CORTE SUPREMA DE JUSTICIA República de Colombia Corte Suprema de Justicia Rad. 24208 CORTE SUPREMA DE JUSTICIA SALA DE CASACIÓN LABORAL Magistrado Ponente: CAMILO TARQUINO GALLEGO Radicación No. 24208 Acta No. 41 Bogotá D. C., veintitrés (23) de noviembre de dos mil diez (2010). Decide la Corte, la acción de tutela interpuesta por JAIRO EDUARDO VÍCTOR RAFAEL RODRÍGUEZ CÁCERES contra la SALA DE CASACIÓN CIVIL DE LA CORTE SUPREMA DE JUSTICIA, por las decisiones señaladas en los hechos de la petición.
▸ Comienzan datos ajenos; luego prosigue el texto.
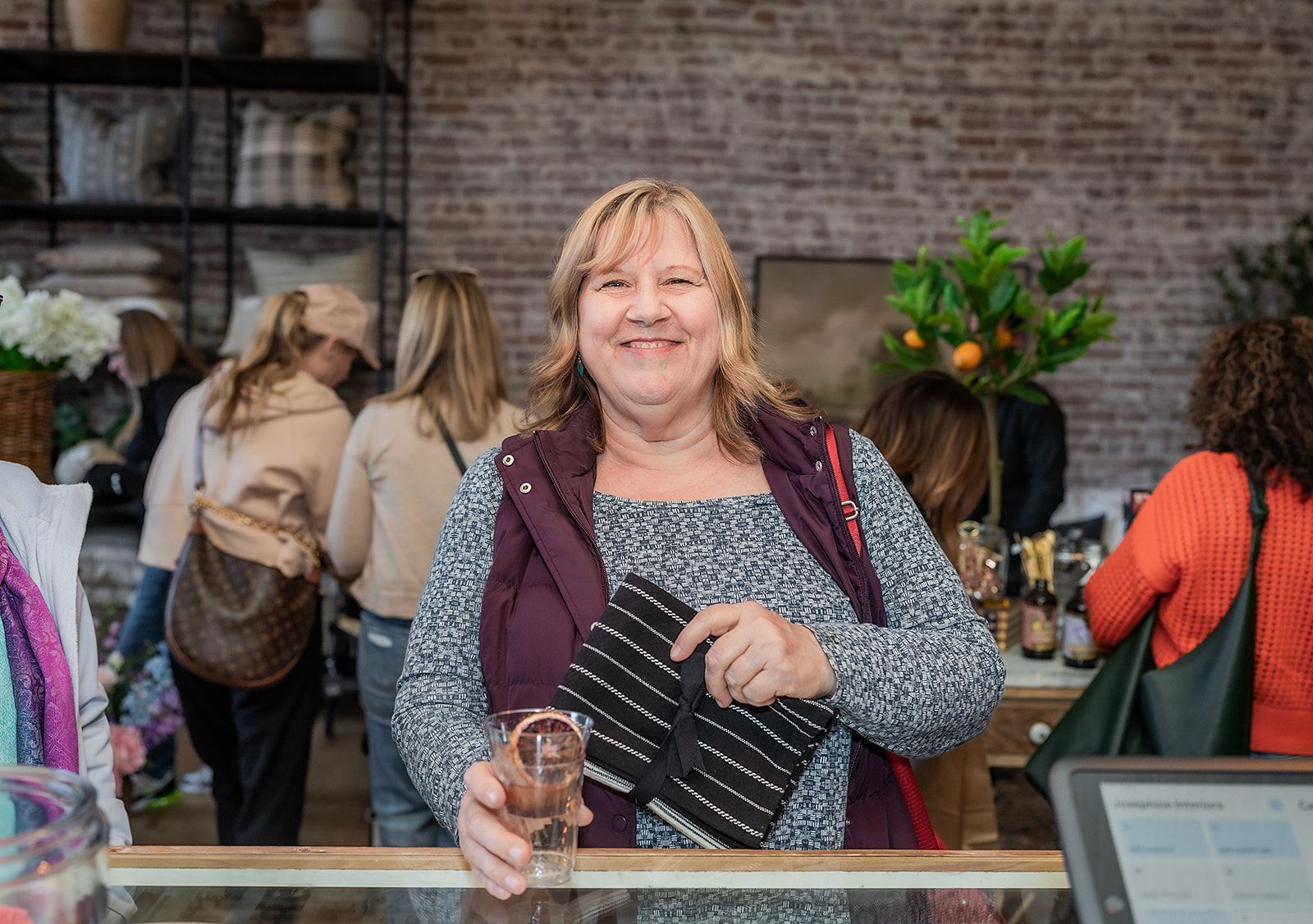 A woman is standing behind a counter in a store holding a glass of wine.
ANTECEDENTES 1.- Reclama el accionante la protección de su derecho fundamental al debido proceso, presuntamente vulnerado un magistrado, integrante de la Sala de Casación Civil de esta Corporación, por no haberse declarado impedido para conocer el trámite constitucional radicado bajo el No. 680001-13-000-2009-00069-01. Sustentó su pedimento en los hechos que se resumen a continuación: Que en sentencia del 8 de abril de 2010 dictado dentro de la acción de tutela con radicado 68001-22-13-000-2009-00555-01 la Sala de Casación Civil de esta Corporación declaró la nulidad de lo actuado en ella; y ordenó devolverla para que se repusiera la actuación, en procura de que se notificara oportuna al Juzgado Décimo Civil Municipal de Bucaramanga.
Que con anterioridad, la Sala de Casación Civil en providencias del 6 de mayo de 2009, conoció de las acciones de tutela en las que confirmó las providencias de tutela dictadas por la Sala Civil Familia del Tribunal Superior del Distrito Judicial de Bucaramanga; y posteriormente en providencia del 10 de junio de 2010, sin manifestar su impedimento se pronunció en relación con la impugnación de la acción de tutela arriba mencionada dictada por la misma Corporación. Señaló que tales actuaciones irregulares están en contravía de los postulados supriores y que al no manifestar la imposibilidad de conocer los procesos el accionado incurrió en “vía de hecho” y por ello pide el amparo. 2.-Por auto de 27 de octubre de 2010, esta Sala de la Corte avocó el conocimiento, vinculó a los intervinientes dentro del proceso cuestionado y ordenó notificar a los accionados para que dentro del término de traslado, se manifestaran sobre los hechos materia de la queja constitucional.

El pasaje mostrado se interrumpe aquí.